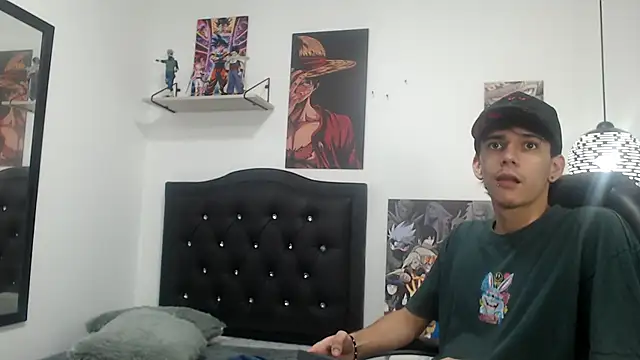 AmethystShadow17 online show from 05-24-26, 05:29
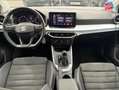 SEAT Arona 1.0 EcoTSI 95ch Start/Stop Urban Euro6d-T GPS Camera Carplay - thumbnail 17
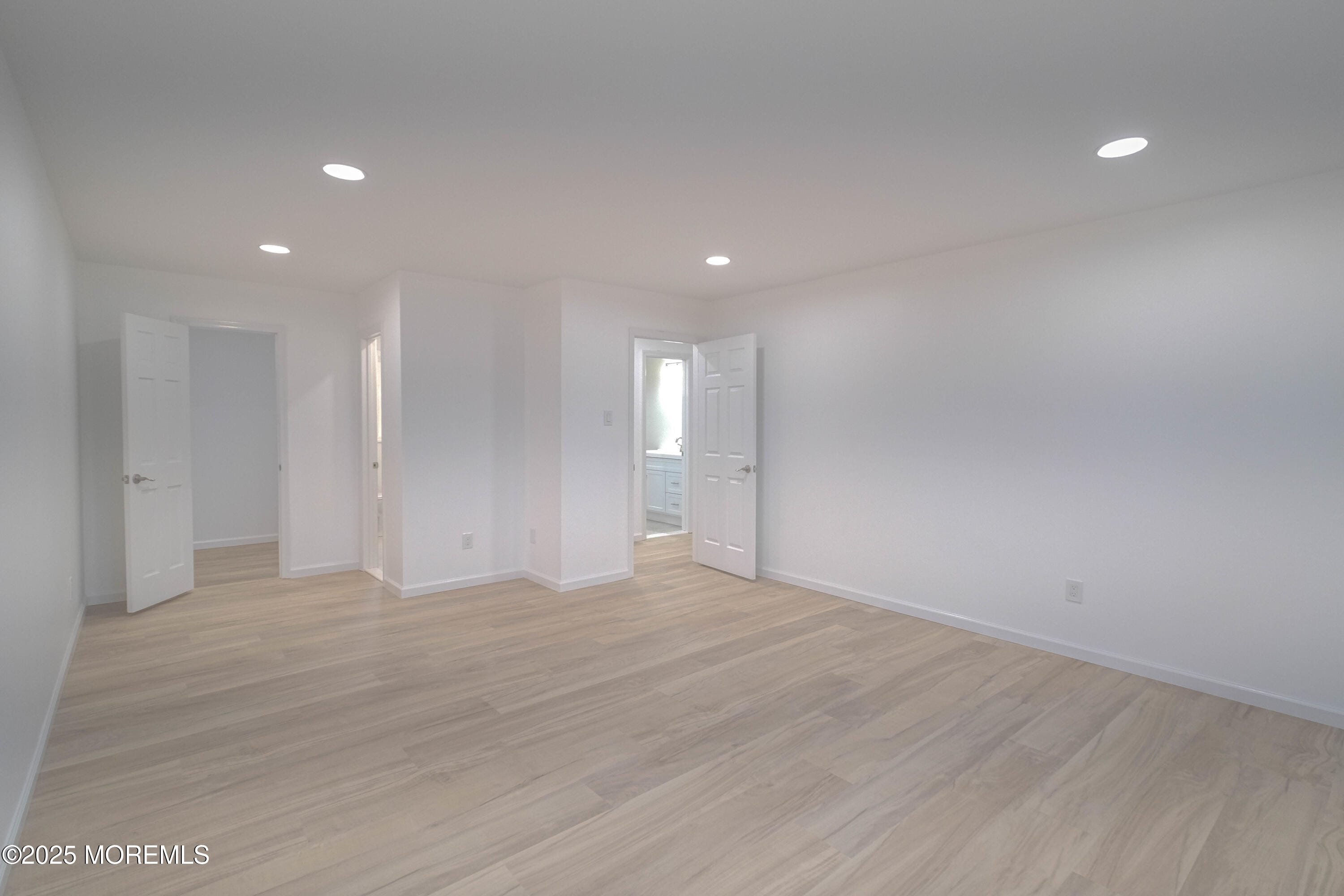 125 N Shore Road, Marmora, NJ, 08223 image 16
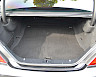 2014/64 Mercedes-Benz CLS 350 AMG Line Auto 31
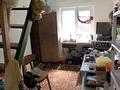 Саяжай · 3 бөлме · 23.3 м² · 6 жүзд., Виноградная 27 — Содоводческое товарищество "Алтайский Строитель", бағасы: 7.5 млн ₸ в Усть-Каменогорске — фото 5
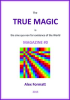 The_True_Magic_Magazine__0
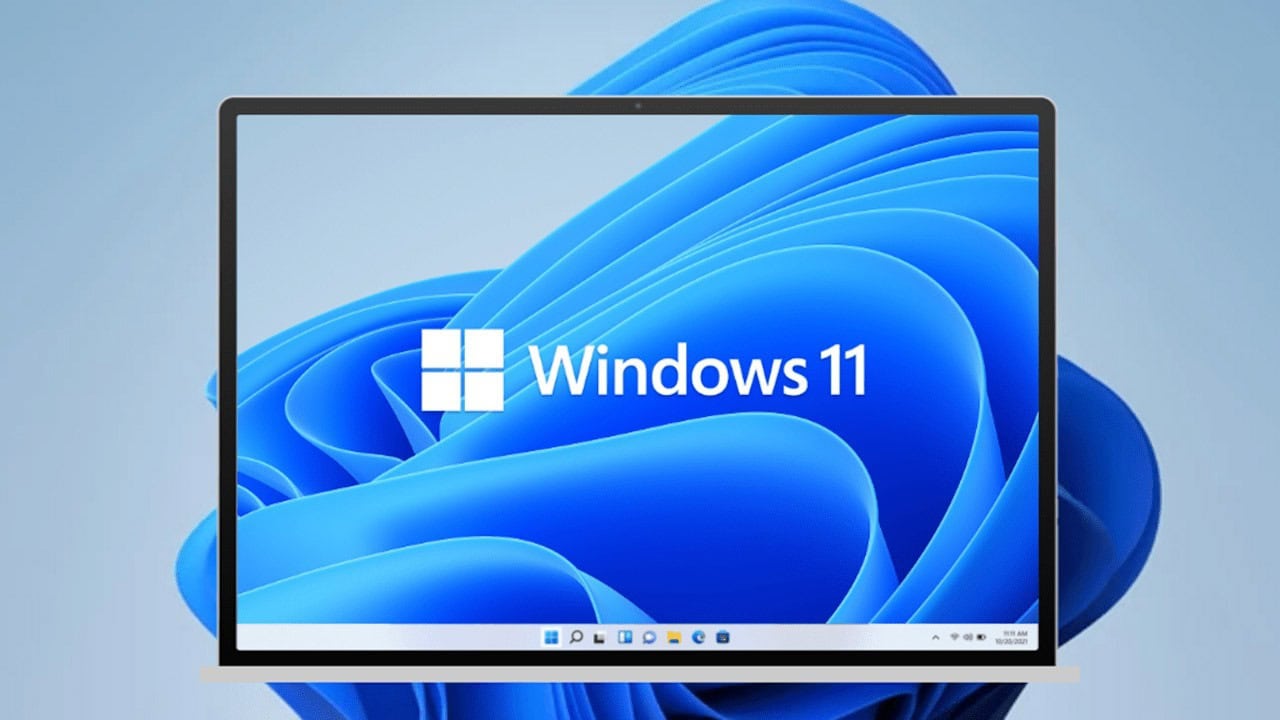 Microsoft Windows 11 Pro 64bit Türkçe Oem H1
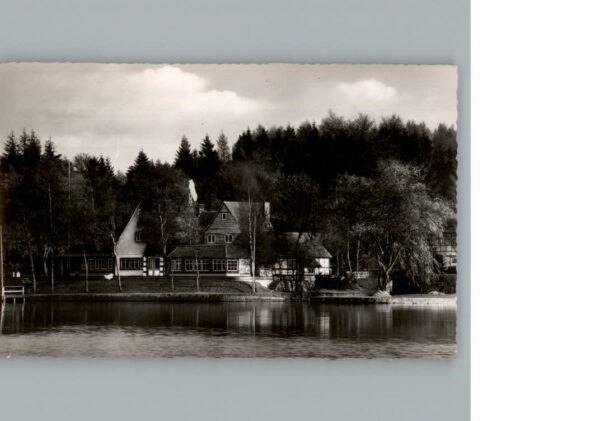 Eutin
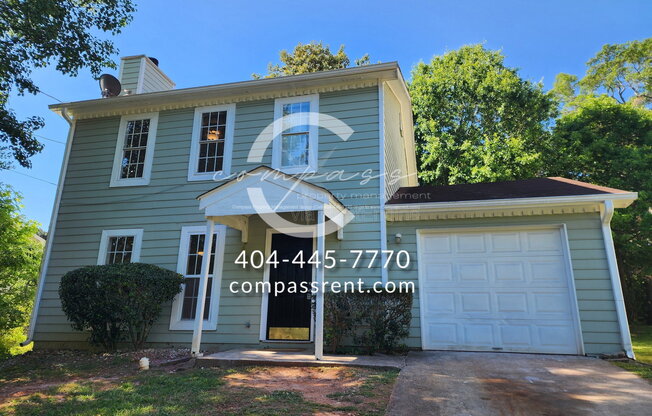 5047 CHADWICK CT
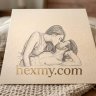 hexmy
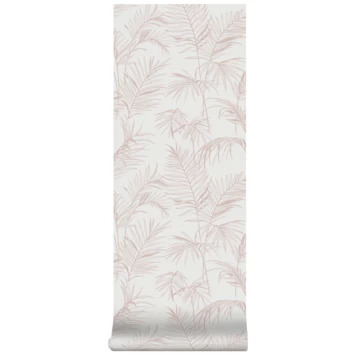 Superfresco Easy Vliesbehang Litho Roze 106745 6 Superfresco Easy Vliesbehang Litho Roze 106745 - Afbeelding 4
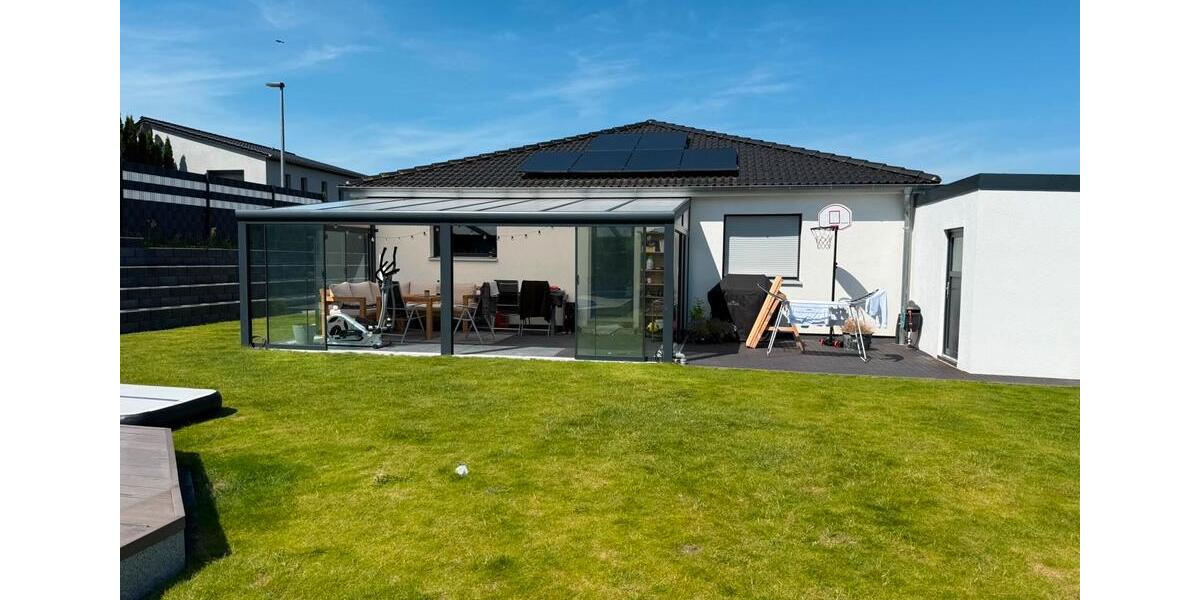 Bungalow Holle - 4 Zimmer, 127 m&sup2;, 729.000&euro; | Angebot:27234046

---*---

ABOUT THIS TASK:
Exactly as written, give the entries above again, with no images.

EXERCISE OUTPUT:
 AmethystShadow17 online show from 05-24-26, 05:29
 SEAT Arona 1.0 EcoTSI 95ch Start/Stop Urban Euro6d-T GPS Camera Carplay - thumbnail 17
 125 N Shore Road, Marmora, NJ, 08223 image 16
 2014/64 Mercedes-Benz CLS 350 AMG Line Auto 31
 Саяжай · 3 бөлме · 23.3 м² · 6 жүзд., Виноградная 27 — Содоводческое товарищество "Алтайский Строитель", бағасы: 7.5 млн ₸ в Усть-Каменогорске — фото 5
 The_True_Magic_Magazine__0
 Microsoft Windows 11 Pro 64bit Türkçe Oem H1
 Eutin
 5047 CHADWICK CT
 hexmy
 Superfresco Easy Vliesbehang Litho Roze 106745 6 Superfresco Easy Vliesbehang Litho Roze 106745 - Afbeelding 4
 Bungalow Holle - 4 Zimmer, 127 m&sup2;, 729.000&euro; | Angebot:27234046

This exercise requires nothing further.